Et puis miracle, on entend l'orgue, éternellement effacé dans les
enregistrements "phonographiques".
Dans le Dies Irae, pas de terreur vindicative. Pour Böhm, il
s'agit d'évoquer le jugement du défunt, mais pas la sentence. On ne
retrouve pas non plus de violence dans le Tuba Mirum. Dans le
Rex Tremendae, très lent voire pathétique, le discours accepte
l'humilité face au créateur. Le Recordare apporte un moment de
sérénité, de réconciliation avec un équilibre du quatuor vocal
souverain.
La respiration dans Le Lacrymosa inspire un chagrin sincère,
pas d'hystérie. Ce passage, l'un des plus célèbres de l'enregistrement
(voir vidéo), lui confère définitivement cette humanité dont je
parlais en introduction.

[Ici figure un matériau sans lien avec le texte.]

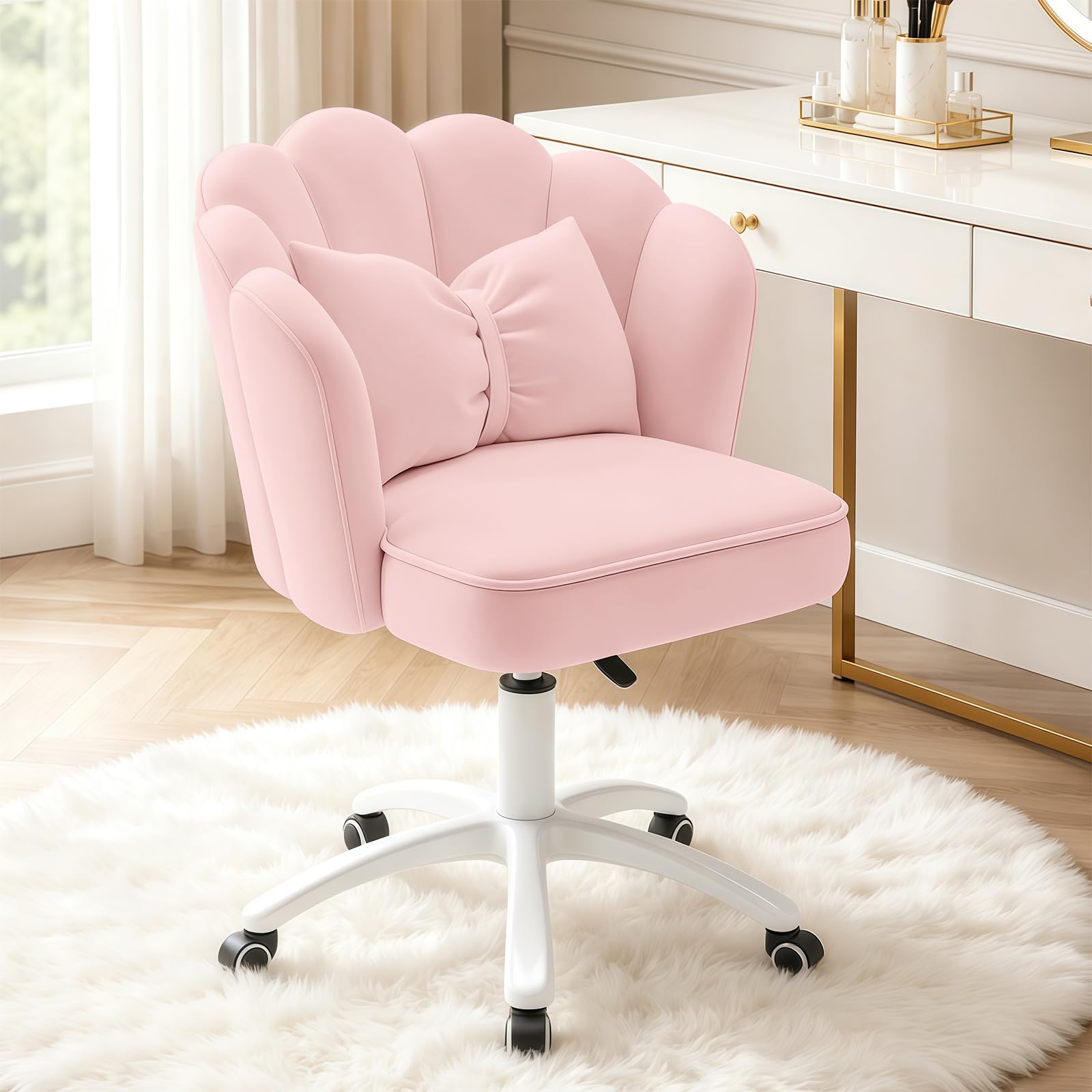 Mid Back Home Office Desk Chair Upholstered Modern Tufted Velvet Swivel Chair Height Adjustable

On retrouvera cet esprit dans
l'Agnus Dei et dans toute la partie ultime du Requiem.
Il a toujours été difficile aux autres chefs de la génération de Böhm
d'atteindre et encore moins de surpasser l'émotion profonde que procure
cette musique. Böhm confiait au disque et à 75 ans son propre testament
musical.
Nous avions déjà rencontré ce chef anglais très dynamique dans la
chronique consacrée à la
symphonie Fantastique de Berlioz.
Gardiner dispose pour cet enregistrement de son orchestre jouant
sur instruments anciens, The English Baroque Players, du
Monteverdi Choir et de quatre bons chanteurs dont
Barbara Bonney et Anne Sofie von Otter.
Dès les premières notes de l'Introït, la diminution de
l'effectif produit son effet, en bien. Le jeu de la petite harmonie
simplifiée voulue par Mozart se détache de la masse des cordes
chatoyantes, se fait méditatif. On retrouve le même rééquilibrage entre
le chœur et l'orchestre qui perd son simple rôle d'accompagnement. Même
si le tempo est plus rapide (48' au lieu de 63' chez Böhm !), l'œuvre
retrouve une couleur merveilleusement limpide. La prière devient
intimiste. Böhm nous offrait la grandeur mystique, Gardiner nous
replonge dans les chapelles baroques de l'Autriche. Musicalement, c'est
très beau, presque allègre dans le sens où l'interprétation se veut
résolument certaine du chemin d'une âme vers un monde paradisiaque.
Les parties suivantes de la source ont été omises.